3. To provide forum or room for members to consult each other and work together on international monetary matter
PRINCIPLES OF IMF
1.The IMF provides loans to all needy members on condition that they must pay bank soon after solving their debts so that other needy members can be borrowed.
2. A recipient member should first show how she intends to solve debts and how she will pay bank the debt with interest which always takers 3 to 5 years.
WORLD BANK (WB)
This was established on July 18, 1944 and started her activities in 1945, hence WB was known as international bank for reconstruction and Development (IBRD) and its head quarter is in Washington DC U.S.A.
1. To work on reconstruction and development of its members in which most of the members were affected by the WWII.
2. To provide foreign private investment to its member state especially private capitals.
3. To promote long term balanced international trade by enabling members to balance their payments with money from the bank.
PRINCIPLES OF THE WORLD BANK
1. It provides money for productive purposes e.g. money in agricultural/sector, rural development, construction of infrastructures and energy.
2. Loans may be used to purchase goods from any country in the world without restrictions.
3. Loans can be given to either country or political sub-division or to private enterprise in a given territory.
4. Technical assistance and other services are provided to member state.

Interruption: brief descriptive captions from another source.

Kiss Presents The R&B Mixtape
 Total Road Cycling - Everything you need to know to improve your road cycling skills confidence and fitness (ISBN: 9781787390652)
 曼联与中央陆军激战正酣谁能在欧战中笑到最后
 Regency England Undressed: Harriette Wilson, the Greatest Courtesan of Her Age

5. Bank decision to provide money must be based only on economic consideration.
6.The loans must be guaranteed by the government concern and for specific project.
CONDITIONALS OF IMF AND WB
The IMF and WB introduced the following conditionality aimed at changing the economies of LDCs to be a capitalist economy.
1.To allow trade liberalization and foreign exchange; whereby the government of the LDCs is forced not to control the prices and abolish the price commission so that the prices should adjust themselves in the world market basing on the law of supply and demand.
2.To devalue the currencies so as to attract more investors in countries and more buyers of goods from countries concern, but also devalue of currency aimed to make the currency of the LDC s at least to match with the capitalist economy.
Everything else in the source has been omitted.